June 24, 2004

生命誌研究館

昨日、ハーモニカレッスンの帰りに中村圭子先生の『生命誌研究館』に初めて行った。

04-06-23_12-02.jpg

展示は二つあって、ひとつは「オサムシ」の種を、地球規模のスケールで、形態ではなくDNAレベルで徹底的に分析していてすばらしかった。翔年の知識はダーウインの進化論やファーブルの昆虫記など博物誌的な古い知識しかないので、「種の拡散」とか「平行進化」とか新しい考え方に惹きつけられて、予定時間を大幅にオーバーしてしまった。

もう一つの展示は「虫愛でる姫」の物語。多分、館長のアイデアだと思うが日本の古典を下敷にして、自然界の認識の仕方や自然との係わりなど、わかりやすい語り口で大人も子供も「生命」について考えさせられる仕掛けは大変面白い。
生命誌研究館ホームページ


先生の科学によって科学を超える思想に全面的にな声援を送りたい。
中村圭子著「自然はひとつ -総合的な自然の見方、考え方」とマット・リドレー著、中村圭子、斎藤隆央訳「ゲノムが語る23の物語」を購入。読書の楽しみがまた増えたことに感謝。
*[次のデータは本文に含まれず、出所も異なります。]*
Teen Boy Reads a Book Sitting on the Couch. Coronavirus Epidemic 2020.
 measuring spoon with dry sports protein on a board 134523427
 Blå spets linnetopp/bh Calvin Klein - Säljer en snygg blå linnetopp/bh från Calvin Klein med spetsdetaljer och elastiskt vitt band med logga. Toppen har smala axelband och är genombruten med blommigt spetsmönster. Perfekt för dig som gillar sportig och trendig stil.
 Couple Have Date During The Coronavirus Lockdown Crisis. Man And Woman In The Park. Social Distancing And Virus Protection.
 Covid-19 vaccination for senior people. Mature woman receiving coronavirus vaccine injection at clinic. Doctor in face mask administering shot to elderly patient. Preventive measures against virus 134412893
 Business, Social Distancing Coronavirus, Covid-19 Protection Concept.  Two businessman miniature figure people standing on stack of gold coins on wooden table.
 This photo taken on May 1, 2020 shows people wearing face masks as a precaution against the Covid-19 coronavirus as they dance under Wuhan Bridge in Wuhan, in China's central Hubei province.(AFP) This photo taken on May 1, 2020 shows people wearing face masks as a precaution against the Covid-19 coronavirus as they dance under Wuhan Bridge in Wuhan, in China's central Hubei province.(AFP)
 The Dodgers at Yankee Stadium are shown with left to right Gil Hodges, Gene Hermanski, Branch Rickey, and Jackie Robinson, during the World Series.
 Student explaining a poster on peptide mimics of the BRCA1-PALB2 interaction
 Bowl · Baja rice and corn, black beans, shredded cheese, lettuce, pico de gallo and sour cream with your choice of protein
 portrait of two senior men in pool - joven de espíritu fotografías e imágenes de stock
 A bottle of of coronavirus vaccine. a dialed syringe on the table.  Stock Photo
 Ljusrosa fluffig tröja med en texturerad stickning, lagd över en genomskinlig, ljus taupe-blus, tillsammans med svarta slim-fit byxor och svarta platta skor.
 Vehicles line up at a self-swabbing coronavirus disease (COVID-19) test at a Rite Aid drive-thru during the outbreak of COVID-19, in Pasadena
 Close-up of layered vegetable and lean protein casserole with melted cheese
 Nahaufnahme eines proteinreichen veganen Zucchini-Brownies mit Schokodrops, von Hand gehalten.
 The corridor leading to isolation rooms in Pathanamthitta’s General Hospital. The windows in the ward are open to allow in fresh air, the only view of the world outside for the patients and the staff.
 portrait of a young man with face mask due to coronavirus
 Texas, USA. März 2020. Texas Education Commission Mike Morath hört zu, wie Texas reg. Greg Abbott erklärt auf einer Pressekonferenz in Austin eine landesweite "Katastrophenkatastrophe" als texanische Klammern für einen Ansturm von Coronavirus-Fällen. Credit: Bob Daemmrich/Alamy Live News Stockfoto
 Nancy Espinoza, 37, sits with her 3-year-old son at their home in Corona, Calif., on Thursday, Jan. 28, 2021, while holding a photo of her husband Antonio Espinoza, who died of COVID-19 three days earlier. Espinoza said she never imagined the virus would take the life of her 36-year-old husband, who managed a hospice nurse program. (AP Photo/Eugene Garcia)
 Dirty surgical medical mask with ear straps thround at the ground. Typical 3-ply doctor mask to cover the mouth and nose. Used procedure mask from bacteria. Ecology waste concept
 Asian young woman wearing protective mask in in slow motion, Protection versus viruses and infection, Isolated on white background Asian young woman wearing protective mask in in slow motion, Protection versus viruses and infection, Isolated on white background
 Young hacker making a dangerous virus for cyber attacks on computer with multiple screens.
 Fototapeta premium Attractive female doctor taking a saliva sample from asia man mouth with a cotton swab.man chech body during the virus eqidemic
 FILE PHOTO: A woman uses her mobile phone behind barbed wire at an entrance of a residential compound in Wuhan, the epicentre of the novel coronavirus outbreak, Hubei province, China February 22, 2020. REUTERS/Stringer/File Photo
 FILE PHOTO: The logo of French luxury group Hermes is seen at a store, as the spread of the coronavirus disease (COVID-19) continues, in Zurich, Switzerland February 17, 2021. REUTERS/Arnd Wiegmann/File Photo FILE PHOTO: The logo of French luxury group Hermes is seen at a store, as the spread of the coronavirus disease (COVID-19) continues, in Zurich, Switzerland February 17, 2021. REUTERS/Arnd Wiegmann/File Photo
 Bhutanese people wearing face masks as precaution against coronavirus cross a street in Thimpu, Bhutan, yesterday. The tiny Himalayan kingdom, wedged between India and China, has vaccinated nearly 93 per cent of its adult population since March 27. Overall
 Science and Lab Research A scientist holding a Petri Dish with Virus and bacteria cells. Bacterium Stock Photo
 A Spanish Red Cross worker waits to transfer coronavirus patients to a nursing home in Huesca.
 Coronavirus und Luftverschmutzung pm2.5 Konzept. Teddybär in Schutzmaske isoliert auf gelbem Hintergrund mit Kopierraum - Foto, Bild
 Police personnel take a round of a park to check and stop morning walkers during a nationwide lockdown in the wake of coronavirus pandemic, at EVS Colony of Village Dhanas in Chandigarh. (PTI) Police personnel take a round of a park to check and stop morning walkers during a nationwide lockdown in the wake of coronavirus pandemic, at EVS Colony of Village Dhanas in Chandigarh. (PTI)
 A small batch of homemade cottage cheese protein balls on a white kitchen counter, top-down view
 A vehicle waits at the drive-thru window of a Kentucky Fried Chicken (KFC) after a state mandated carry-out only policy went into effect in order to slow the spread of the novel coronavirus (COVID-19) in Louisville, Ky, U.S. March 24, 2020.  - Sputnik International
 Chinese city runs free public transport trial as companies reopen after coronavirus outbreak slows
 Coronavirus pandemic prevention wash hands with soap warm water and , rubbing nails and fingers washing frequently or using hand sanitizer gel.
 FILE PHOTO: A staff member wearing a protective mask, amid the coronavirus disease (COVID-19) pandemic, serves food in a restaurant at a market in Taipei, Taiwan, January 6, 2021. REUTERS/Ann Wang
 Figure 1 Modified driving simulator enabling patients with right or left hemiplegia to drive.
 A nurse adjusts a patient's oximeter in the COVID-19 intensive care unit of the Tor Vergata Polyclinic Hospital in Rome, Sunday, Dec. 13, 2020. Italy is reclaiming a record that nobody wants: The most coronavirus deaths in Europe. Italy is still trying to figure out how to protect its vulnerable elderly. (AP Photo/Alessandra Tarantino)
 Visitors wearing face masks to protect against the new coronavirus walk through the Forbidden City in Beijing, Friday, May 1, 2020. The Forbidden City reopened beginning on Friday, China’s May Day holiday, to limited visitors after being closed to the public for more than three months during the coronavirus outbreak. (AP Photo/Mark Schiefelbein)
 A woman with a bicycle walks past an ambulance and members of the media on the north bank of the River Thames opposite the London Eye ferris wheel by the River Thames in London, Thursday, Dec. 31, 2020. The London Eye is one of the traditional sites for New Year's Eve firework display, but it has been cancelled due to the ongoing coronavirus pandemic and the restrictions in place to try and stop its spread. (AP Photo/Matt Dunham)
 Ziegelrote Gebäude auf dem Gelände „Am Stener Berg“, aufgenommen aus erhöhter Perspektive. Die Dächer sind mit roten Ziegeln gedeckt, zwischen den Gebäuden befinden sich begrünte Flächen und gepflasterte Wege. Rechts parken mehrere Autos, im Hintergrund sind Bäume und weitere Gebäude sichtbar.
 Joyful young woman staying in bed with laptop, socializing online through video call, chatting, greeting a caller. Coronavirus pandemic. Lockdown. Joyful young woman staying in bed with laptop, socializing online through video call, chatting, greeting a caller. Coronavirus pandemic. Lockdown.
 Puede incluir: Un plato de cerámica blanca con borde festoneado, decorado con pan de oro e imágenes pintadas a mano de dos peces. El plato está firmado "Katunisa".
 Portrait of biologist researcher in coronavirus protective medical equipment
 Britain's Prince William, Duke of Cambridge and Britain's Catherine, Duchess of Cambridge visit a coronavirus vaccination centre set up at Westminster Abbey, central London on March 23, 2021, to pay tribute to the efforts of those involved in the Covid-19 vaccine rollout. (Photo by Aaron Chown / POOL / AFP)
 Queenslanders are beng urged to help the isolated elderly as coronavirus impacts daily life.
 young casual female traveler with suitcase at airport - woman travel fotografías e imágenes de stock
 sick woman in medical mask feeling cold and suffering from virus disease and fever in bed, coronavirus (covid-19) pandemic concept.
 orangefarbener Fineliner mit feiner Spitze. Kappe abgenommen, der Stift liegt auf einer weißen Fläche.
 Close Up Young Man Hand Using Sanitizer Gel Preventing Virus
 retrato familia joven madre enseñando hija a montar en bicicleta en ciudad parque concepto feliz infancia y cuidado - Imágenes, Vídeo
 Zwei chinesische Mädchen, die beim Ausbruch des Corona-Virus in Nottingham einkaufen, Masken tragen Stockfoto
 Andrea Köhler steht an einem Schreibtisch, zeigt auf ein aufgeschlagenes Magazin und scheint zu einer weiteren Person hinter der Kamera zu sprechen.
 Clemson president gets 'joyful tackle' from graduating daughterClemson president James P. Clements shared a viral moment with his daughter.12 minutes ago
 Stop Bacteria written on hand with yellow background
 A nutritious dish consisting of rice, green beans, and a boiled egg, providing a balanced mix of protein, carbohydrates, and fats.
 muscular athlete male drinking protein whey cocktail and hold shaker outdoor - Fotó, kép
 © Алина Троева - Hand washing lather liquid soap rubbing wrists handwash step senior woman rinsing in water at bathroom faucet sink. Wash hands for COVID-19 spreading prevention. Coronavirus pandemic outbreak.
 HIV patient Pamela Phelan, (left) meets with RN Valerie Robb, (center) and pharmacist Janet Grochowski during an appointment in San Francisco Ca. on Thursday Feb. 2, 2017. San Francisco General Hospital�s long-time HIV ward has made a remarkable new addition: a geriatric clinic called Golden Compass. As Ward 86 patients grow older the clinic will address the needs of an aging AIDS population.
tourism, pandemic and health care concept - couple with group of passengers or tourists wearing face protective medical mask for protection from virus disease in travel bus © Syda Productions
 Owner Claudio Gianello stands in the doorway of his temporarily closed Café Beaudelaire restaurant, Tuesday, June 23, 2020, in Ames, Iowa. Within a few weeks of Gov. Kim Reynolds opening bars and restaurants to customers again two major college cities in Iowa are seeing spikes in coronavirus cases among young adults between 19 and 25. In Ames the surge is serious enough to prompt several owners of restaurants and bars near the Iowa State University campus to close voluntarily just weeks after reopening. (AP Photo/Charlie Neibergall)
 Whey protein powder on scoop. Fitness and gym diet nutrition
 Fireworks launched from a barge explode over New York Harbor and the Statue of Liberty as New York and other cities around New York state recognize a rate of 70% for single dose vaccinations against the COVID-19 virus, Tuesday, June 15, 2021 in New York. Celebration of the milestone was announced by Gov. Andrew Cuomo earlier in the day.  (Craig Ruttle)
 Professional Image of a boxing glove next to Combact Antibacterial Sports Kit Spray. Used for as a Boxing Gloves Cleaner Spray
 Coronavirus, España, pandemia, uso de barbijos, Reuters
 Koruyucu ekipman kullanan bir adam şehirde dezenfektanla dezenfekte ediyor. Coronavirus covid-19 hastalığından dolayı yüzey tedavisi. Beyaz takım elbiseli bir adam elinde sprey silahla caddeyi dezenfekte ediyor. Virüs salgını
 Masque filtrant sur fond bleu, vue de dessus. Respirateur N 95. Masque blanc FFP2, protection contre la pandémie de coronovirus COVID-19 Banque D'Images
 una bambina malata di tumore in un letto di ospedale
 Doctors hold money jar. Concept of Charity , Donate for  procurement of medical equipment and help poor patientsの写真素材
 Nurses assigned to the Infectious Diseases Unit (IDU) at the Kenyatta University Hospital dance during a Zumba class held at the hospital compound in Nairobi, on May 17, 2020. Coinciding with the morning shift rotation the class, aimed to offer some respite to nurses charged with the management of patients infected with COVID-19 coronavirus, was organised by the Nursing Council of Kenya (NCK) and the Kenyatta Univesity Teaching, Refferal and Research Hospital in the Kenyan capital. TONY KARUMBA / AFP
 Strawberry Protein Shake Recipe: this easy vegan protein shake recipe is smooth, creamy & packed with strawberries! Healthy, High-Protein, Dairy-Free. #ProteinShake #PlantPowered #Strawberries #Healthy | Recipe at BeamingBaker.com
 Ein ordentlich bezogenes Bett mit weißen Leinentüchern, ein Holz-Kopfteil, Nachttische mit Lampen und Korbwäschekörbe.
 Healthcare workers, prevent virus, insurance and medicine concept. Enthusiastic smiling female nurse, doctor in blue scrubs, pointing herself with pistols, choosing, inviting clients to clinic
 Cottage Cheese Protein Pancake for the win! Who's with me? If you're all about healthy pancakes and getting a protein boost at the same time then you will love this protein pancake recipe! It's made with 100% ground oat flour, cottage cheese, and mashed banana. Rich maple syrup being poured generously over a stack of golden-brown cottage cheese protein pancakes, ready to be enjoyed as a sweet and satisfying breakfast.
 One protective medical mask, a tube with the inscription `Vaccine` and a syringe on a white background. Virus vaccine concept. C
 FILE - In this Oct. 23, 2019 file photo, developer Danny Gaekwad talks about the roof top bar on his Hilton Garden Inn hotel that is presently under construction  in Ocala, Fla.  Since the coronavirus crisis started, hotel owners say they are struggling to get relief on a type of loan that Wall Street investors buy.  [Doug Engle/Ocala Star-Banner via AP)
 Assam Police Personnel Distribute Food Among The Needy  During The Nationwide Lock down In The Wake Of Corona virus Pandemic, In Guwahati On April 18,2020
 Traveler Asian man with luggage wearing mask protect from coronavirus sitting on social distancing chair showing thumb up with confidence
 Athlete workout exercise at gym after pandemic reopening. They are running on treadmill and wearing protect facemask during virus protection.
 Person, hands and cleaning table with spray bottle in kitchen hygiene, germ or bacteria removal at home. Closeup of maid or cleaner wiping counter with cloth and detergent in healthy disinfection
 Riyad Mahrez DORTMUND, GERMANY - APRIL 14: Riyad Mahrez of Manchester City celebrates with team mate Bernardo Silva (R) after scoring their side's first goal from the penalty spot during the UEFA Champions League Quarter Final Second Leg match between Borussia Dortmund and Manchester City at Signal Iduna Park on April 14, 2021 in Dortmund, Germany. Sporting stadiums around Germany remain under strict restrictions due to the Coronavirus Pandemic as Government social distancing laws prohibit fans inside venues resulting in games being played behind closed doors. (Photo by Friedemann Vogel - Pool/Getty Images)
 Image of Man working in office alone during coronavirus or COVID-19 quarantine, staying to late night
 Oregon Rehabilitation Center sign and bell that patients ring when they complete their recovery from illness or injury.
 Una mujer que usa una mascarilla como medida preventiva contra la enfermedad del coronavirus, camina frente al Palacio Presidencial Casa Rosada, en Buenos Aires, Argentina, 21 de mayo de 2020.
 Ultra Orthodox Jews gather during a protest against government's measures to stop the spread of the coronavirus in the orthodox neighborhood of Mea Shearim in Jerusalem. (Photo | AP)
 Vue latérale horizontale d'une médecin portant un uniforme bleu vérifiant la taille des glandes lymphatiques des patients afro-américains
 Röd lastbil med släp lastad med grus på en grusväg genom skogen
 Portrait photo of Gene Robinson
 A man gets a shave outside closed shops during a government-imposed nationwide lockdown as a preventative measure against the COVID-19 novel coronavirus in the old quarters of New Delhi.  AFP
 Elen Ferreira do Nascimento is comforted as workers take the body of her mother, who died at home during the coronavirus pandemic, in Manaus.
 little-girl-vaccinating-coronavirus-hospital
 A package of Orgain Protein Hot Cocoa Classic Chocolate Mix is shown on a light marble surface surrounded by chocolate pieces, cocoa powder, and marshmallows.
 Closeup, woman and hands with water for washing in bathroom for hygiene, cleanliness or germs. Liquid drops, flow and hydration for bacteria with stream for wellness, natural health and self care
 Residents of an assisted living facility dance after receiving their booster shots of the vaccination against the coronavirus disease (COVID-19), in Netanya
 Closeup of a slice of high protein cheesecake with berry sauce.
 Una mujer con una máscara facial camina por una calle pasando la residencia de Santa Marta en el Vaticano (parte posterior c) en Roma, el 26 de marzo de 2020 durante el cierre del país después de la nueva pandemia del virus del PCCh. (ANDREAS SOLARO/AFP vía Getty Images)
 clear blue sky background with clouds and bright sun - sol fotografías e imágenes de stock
折から、今朝の読売に「子供の創造性を育てよう」と新技術開発財団の高橋昌義氏の記事が出ていた。創造性の前に必要なのは好奇心だと言うわけで、子供たちの理科離れや好奇心のなさを憂いている大人が多いが、本当にそうなのか?

好奇心の無い人間などいるのか?
大人の週刊誌を見よ! スキャンダルや覗き趣味の好奇心を煽る記事で満ち満ちているではないか。
大人の世界が三流ジャーナリストによって溢れかえっている現状を憂えずに、子供たちを責めるのは筋違いだろう。翔年は三流のジャーナリストの記事を止めろと言っているのではない。一握りでいいから一流の記者もいて欲しいと願う者だ。科学技術のわかる一流のライターが書いた物語なら、大人だけでなく子供の好奇心も十分満足させられると信じる。子供たちはそれを見分ける力を持っているはずだ。